Jacksonville TV station WJXT reported a champagne-colored pickup truck was spotted by one resident's surveillance camera Friday, as someone in the truck tossed the flyers in bags filled with rice, to weigh them down. More leaflets turned up Monday.

The leaflets feature an offensive stick figure drawing of one man bent over in front of another man, with the international symbol for "do not," as well as the words: "Homosexual Men And Their Sex Acts Are Disgusting And Inhuman."
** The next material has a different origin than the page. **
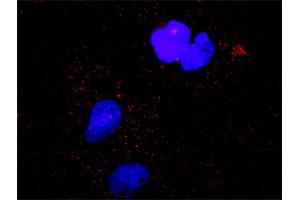 Proximity Ligation Analysis of protein-protein interactions between MAPK3 and CASP9. (Caspase 9 antibody  (AA 1-416))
The flyers also call for an end to "non-white immigration," for Haitians to be outlawed, and for the deportation of "mud people." It is signed by the "Loyal White Knights of the KKK," and lists both a "hotline" and a website.

Callers to the hotline are greeted with a racist message which contains slurs and concludes with the slogan, "If it ain't white, it ain't right. White power."

The appearance of these leaflets followed a contentious forum in Jacksonville, set-up by its Republican mayor, to fulfill a campaign promise to consider expanding existing laws to include non-discrimination provisions for LGBT people.

The New Civil Rights Movement reported about 400 people crowded into a room at Florida State College on November 17. The issue was considered in 2012 but the city council rejected it.

Among the panel selected by Mayor Lenny Curry was Roger Gannam, an attorney for Liberty Counsel who recently represented antigay Kentucky clerk Kim Davis in her fight to avoid issuing marriage licenses to same sex couples.

"In Toronto, a man posing as a transgender woman attacked women at a shelter," Gannam, according to Florida Politics blogger A.G. Gancarski. He referred to the 2012 case of Christopher Hambrook, a heterosexual cisgender [not transgender] man who was jailed "indefinitely" as a sexual predator after sexually assaulting women. He falsely claimed to be trans, reported the Toronto Sun.

He contended it was not "hypothetical" or "alarmist" to raise "bathroom" concerns of the kind used in Houston to defeat an equal rights ordinance earlier this month.

One of the supporters of this effort asked for a show of hands of those discriminated against because of gender identity or expression. About one-third of the crowd raised their hands.

Jacksonville attorney Joey Vaughn, who helped organize the opposition in 2012, dismissed them, saying, "There's no evidence of widespread discrimination," according to TNCRM.

"Jacksonville is still a friendly, receptive place." Vaughn told the crowd, saying a law protecting gender identity or expression would be like "allowing people who are white to say they identify as African-Americans."

The first round of public speakers were all in favor of protections, reported TNCRM, ranging from those who had experienced discrimination to medical professionals citing the grim statistics of depression and suicide among LGBT youth.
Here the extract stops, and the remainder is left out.